A reader has passed on the letter she received from her mother’s care home in Bagshot on March 23rd, the day the full lockdown was imposed.
This is with a great sadness I have to say that I have been informed by our Doctor today that NHS hospitals will not accept people over 70 years old if they have been tested positive with COVID 19, which means that these residents will be treated here, at Sunrise of Bagshot, and in case of deterioration they will go straight into palliative care. In these unprecedented times due to COVID-19 outbreak the NHS has no choice but to make tough decisions.

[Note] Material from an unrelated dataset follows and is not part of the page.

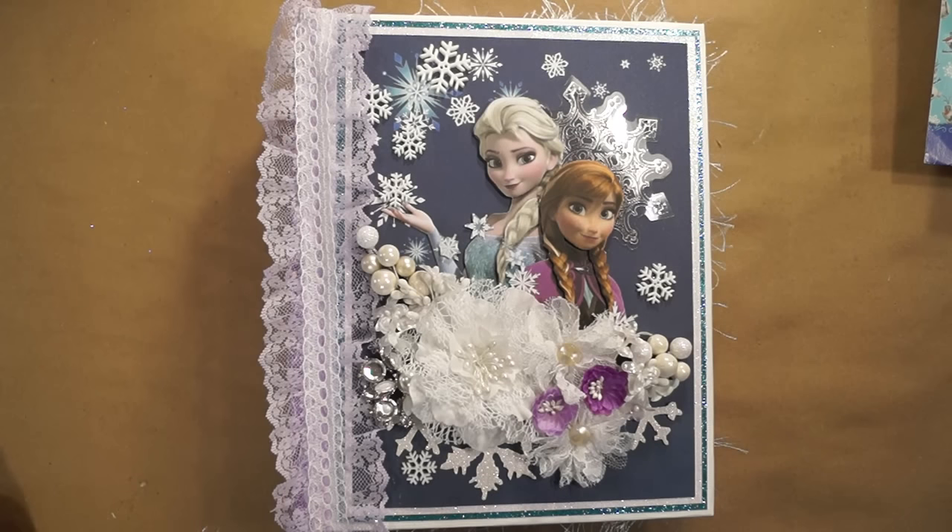Hi everyone, it's Terri from Terri's Scrapbooks. I have a design team project for J&S Hobbies and Crafts to share with you today. It's using the Disney Frozen Papers.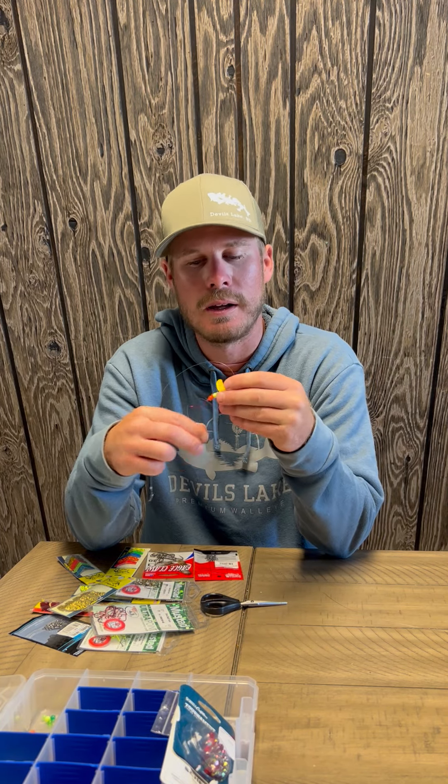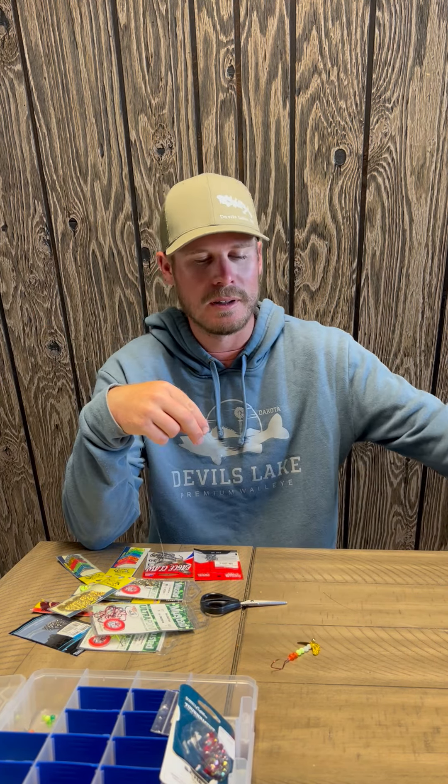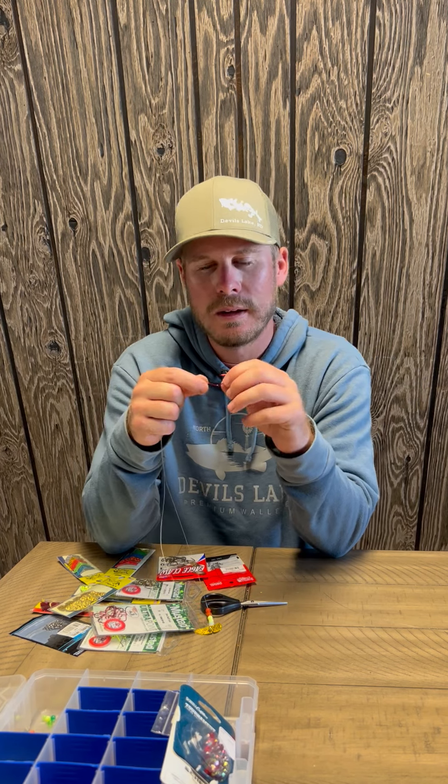I just wanted to show you how I tie up my spinners as we move into this bite, so if anyone watching can take something away and have their gear prepared for their next trip to Devils Lake. Just like with pitching, I always like to tie my own leader with fluorocarbon. I start with about a 20-pound fluorocarbon leader, using either a bait keeper hook size one or two, and I also have slow death hooks. On calm, hot days with a live bait presentation, I love to use a slow death.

I want to reassure you that we are doing everything possible to keep our residents safe and well protected.
At this moment we are working with Doctor to sign DNR forms for all of our residents. In order for us to complete this, I would ask you to send me a confirmation email if you agree for this to happen if your parent/loved one doesn’t have one.
If you have any questions or would like to discuss this with Doctor, please let me know and I will arrange telephone conversation.
Thank you for your understanding.
Horrendous. But at least this reader’s care home had the courtesy to consult her about the DNR form…
Got an email from a reader who’s understandably angry about public sector employees refusing to return to work because it’s “too dangerous”.
Your daily update is the highlight of my day. I’m a self-employed bookkeeper who also runs payrolls so I’ve been working throughout the nonsense. I’ve been increasingly exasperated at the ridiculous restrictions placed upon us. I thought you might like to know of the worst instance I’ve heard of. My husband is a retired army officer who is now employed by the MoD on a large army base in Hampshire. The entire civil service staff were sent home in March and most have since been issued with laptops. They have a Friday morning ‘coffee’ on Zoom where they discuss whether they will be sunbathing or carrying out DIY during their office hours. Most have decided it’s “too dangerous” to return to work. Today I’ve been told that Army HQ have decreed that no more than 25% of staff should attend the office at any time (regardless of office space – the civil service is not known for cramped conditions!). I am beyond angry as I and all my small business clients have worked throughout as their livelihoods depend on it , as have supermarket staff. Our council (Wiltshire) is impossible to reach and my efforts during the course of my work to communicate with HMRC have been utterly fruitless. There are retired people in my lane who have been ‘shielding’ since March and are now so frightened they are on the verge of mental Illness. They haven’t even been out of the village as it’s “too dangerous”. This is surely a result of the ‘stay at home and save lives’ propaganda from the BBC which is their only source of information.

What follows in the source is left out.